Labeling 2.0: Data-Driven Document Labeling Automation
Protecting sensitive data is a defining imperative for information security programs. However, you can only protect what you can see, and you can only protect found evidence appropriately if you can understand the data.
The stakes for data protection are getting higher — there’s more of it, in more places, for more business reasons and at higher risk from motivated attackers. And, mandates like the EU General Data Protection Regulation (GDPR) further complicate the picture by adding a privacy dimension to data protection strategies and programs.
The traditional model of putting enforcement points everywhere — the brawn in the equation — is the ‘how’ to protect the data. The question of ‘what’ data needs to be protected in order to balance data risk and reward at scale is where the brains element comes in.
Being able to make existing security and privacy enforcement models smarter is where BigID is taking our data intelligence next — using the BigID ‘brains’ to make the enforcement ‘brawns’ more sophisticated.
Data Intelligence: A Force Multiplier
Extracting the business value of data while ensuring security and protecting privacy amplifies the need to make data protection nimbler, smarter and more effectively automated.
This is why BigID has set out to:
• Package our data intelligence and privacy insights easy for enforcement tools to consume.
• Enable customers to seamlessly orchestrate their enforcement policies based on BigID’s data intelligence.
One example is providing data subject residency insight via labeling and tagging to address cross-border data flows that enforcement tools would otherwise be blind to.
A Modern Labeling Framework for Modern Data Stores
Data protection, like many other security toolsets, emerged in response to the threats created by new technologies.
• Broader adoption of structured data sources (and data breaches) catalyzed the emergence of DLP.
• The CASB category coalesced around content moving between the enterprise network and the SaaS provider.

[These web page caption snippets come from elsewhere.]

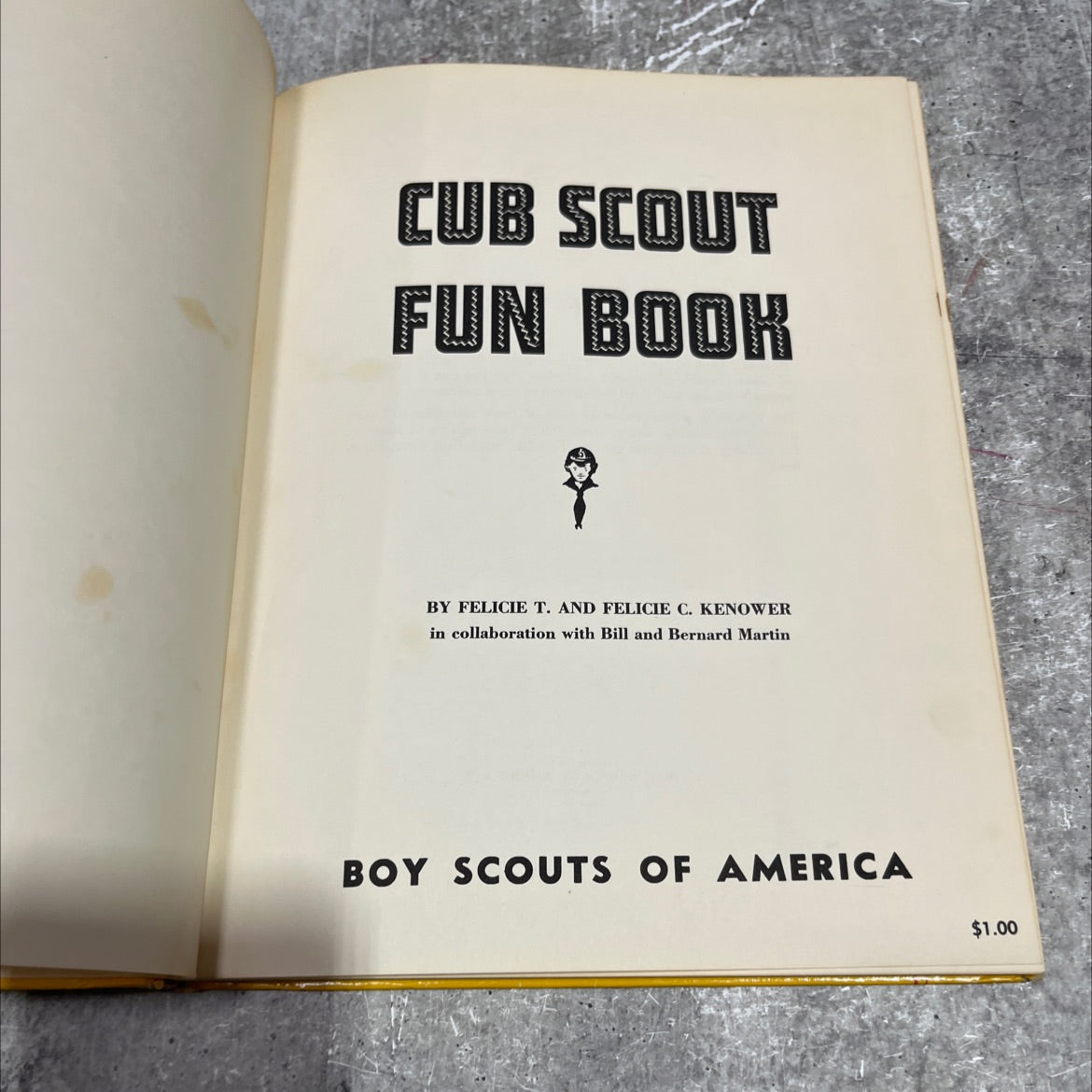 cub scout fun book book, by felicie t. kenower, felicie c. kenower, bill martin, bernard martin, 1956 Hardcover image 2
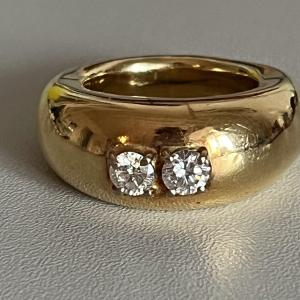 5200- Yellow Gold Diamond Bangle Ring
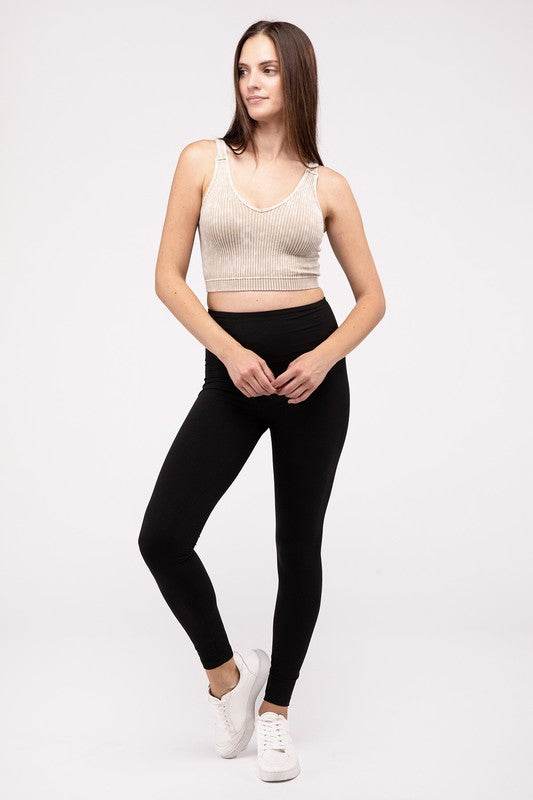 Zenana Casual Washed Ribbed Cropped V-Neck Sleevless Tank Top - Rosa Apparel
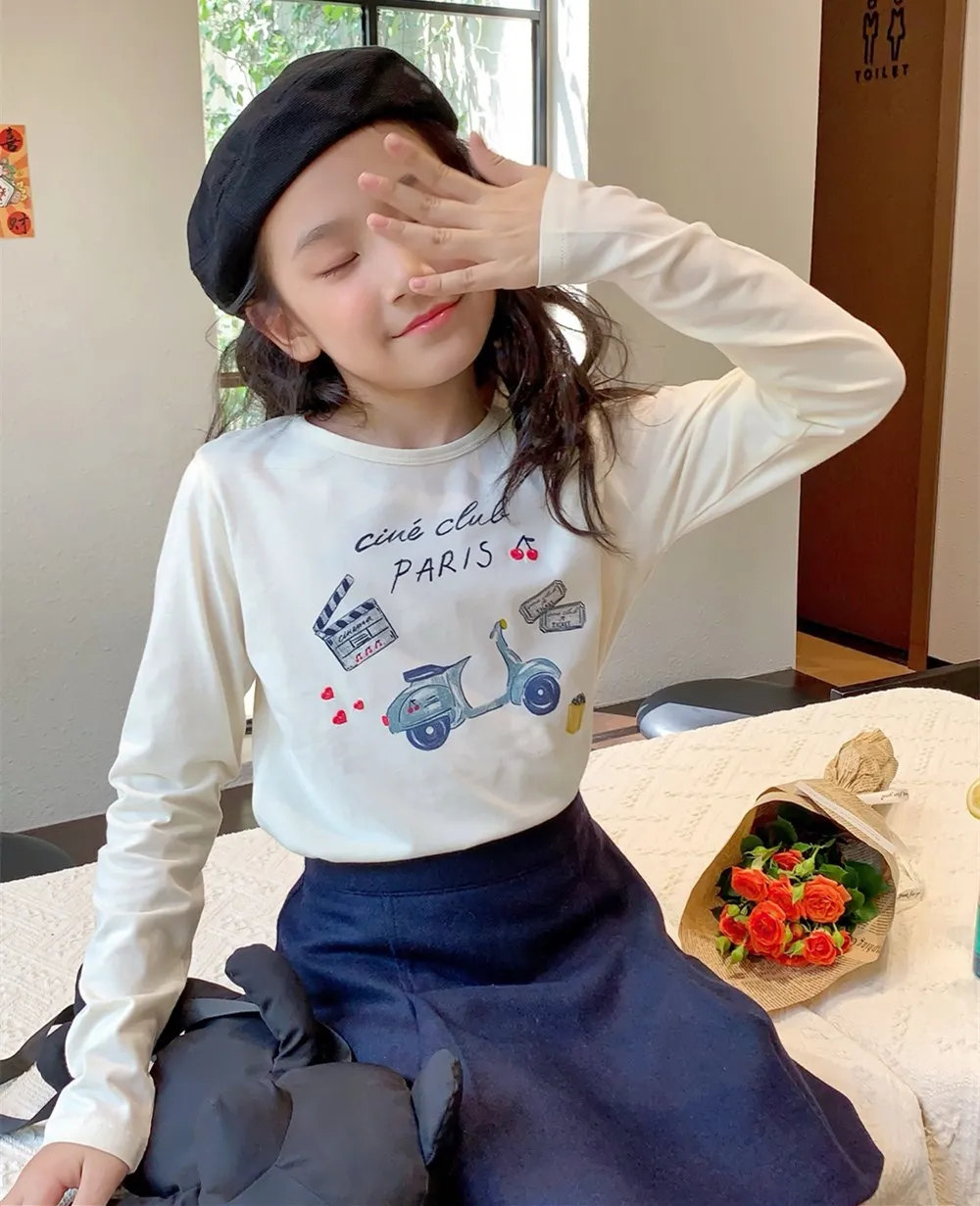 

autumn baby tops kids girls clothes Cartoon pattern printed round neck T-shirt cotton baby t-shirt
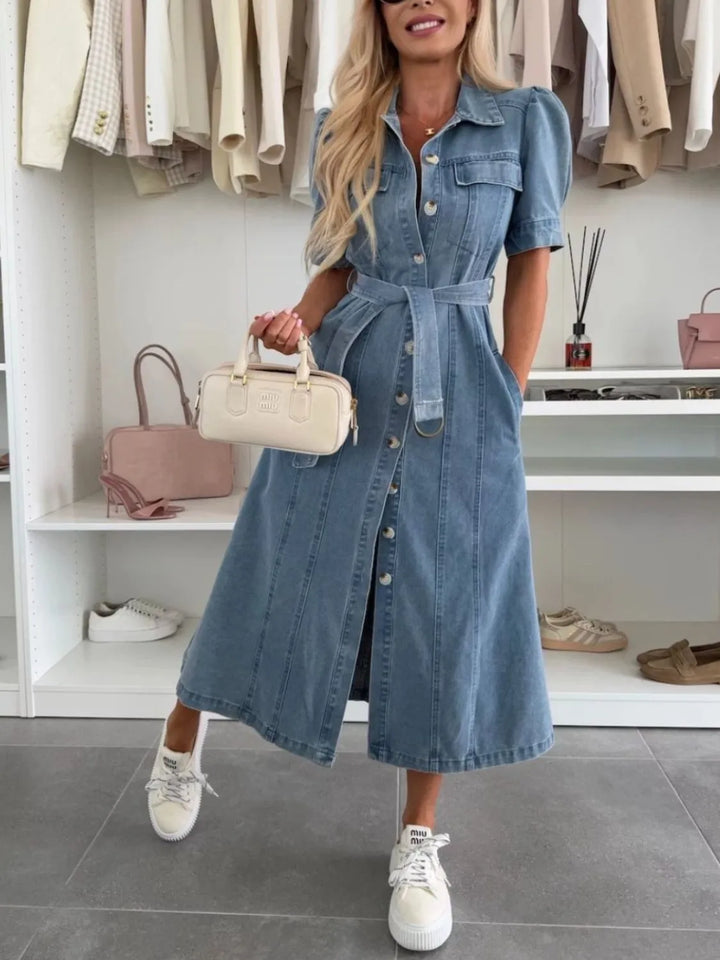 Dam Maxi Jeansstil Knapped Klänning | Avslappnad Passform Vardagschic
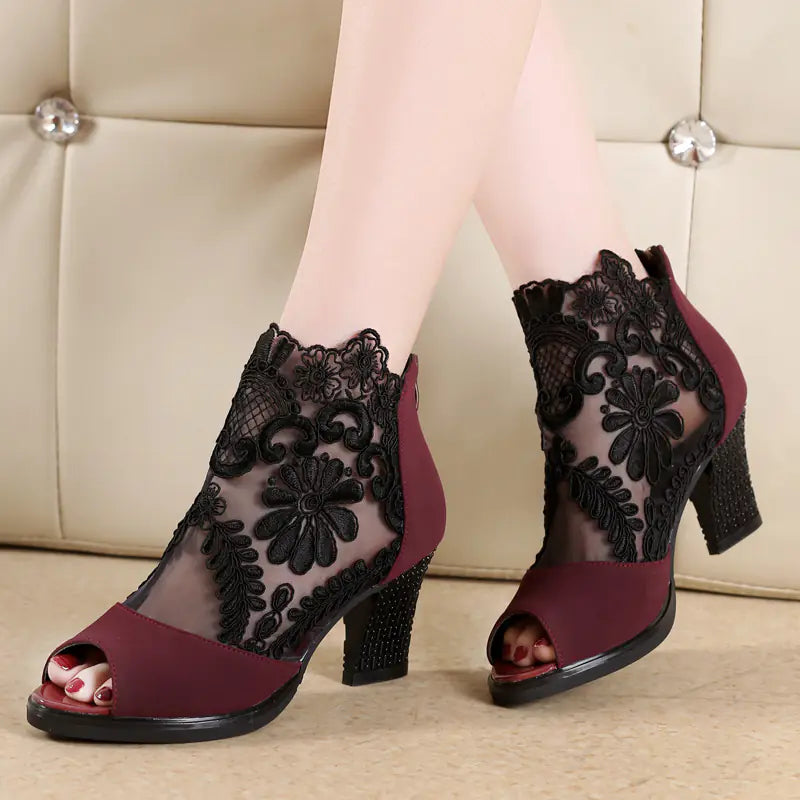 New Spring Autumn Lace Peep Toe Women's Heels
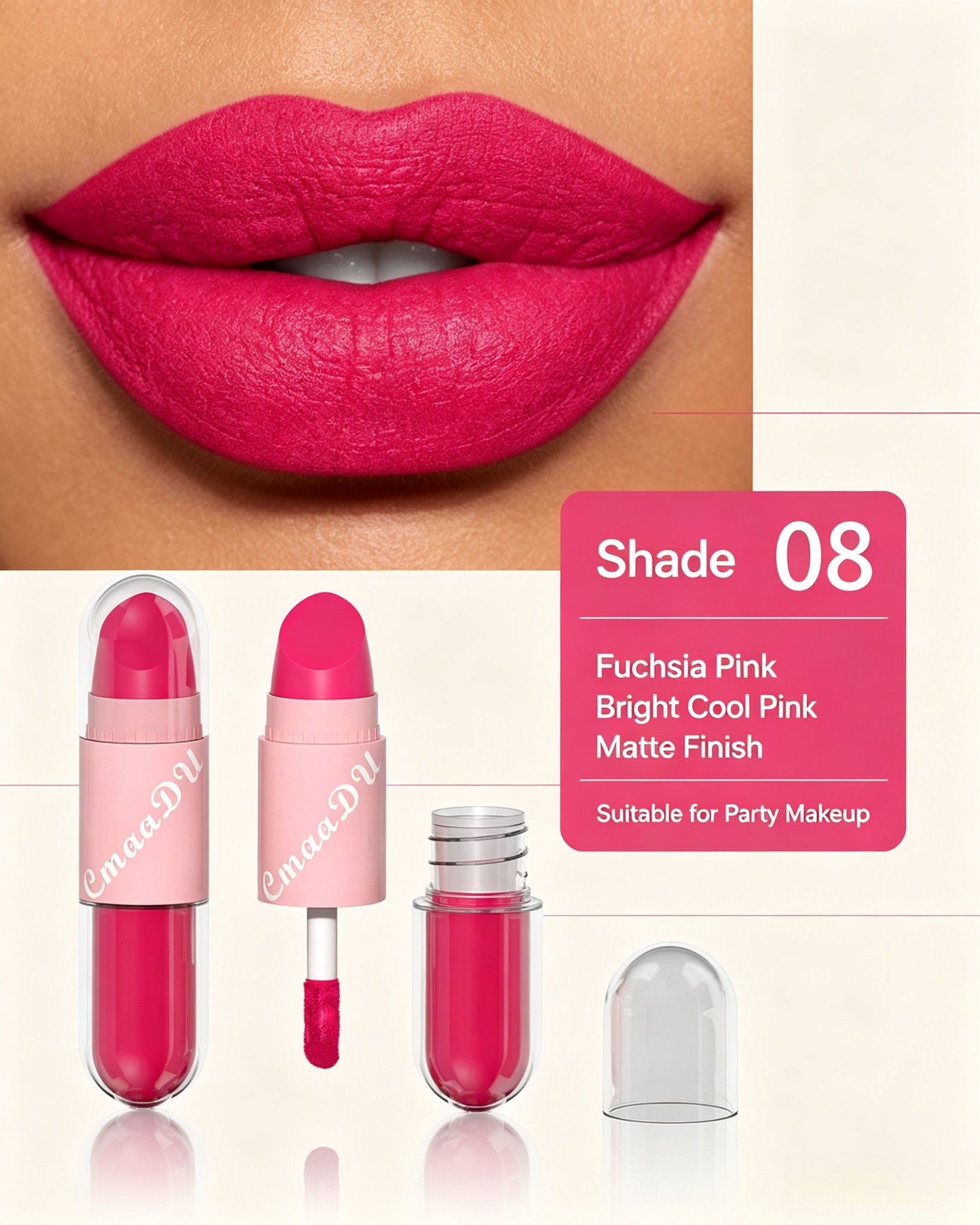 2-in-1 Velvet Matte Fuchsia Pink Lip Glaze and Lipstick and Lipstick, Shade 08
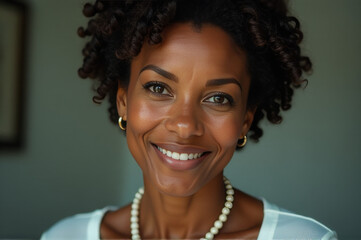 Portrait of a smiling woman wearing a pearl necklace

• Unstructured data governance tools were developed in response to the proliferation of file shares.
The assumptions of data processing flows that held when these products were first introduced are a thing of the past.
A proactive data protection strategy entails not just coming to terms with expanding data volumes, but also a diversity of data sources — cloud, semi-structured along with structured and unstructured data sources.
BigID was built in anticipation of new data sources continually presenting themselves and designed both our core discovery and connectivity models on that basis. This translates into the ability to gain visibility and understanding across the data estate that other discovery tools cannot match.
Automating Labels & Tags Using Data Intelligence
In order to package our data intelligence for consumption, BigID has developed a set of policy labeling and attribute tagging for data objects for consumption by policy enforcement points:
• Information rights management vendors like Microsoft Azure Information Protection.
• Database audit and protection tools like IBM Guardium.
• Network DLP, cloud and email gateway enforcement points.
To extend the brain analogy, labeling and tagging is the connective tissue that allows for the brawn to make specific decisions while relying on a centralized and consolidated source of data intelligence.
BigID’s cross-platform intelligence enables customers to both optimize for the specific context and capabilities of the enforcement point — and apply consistent policies across the data estate.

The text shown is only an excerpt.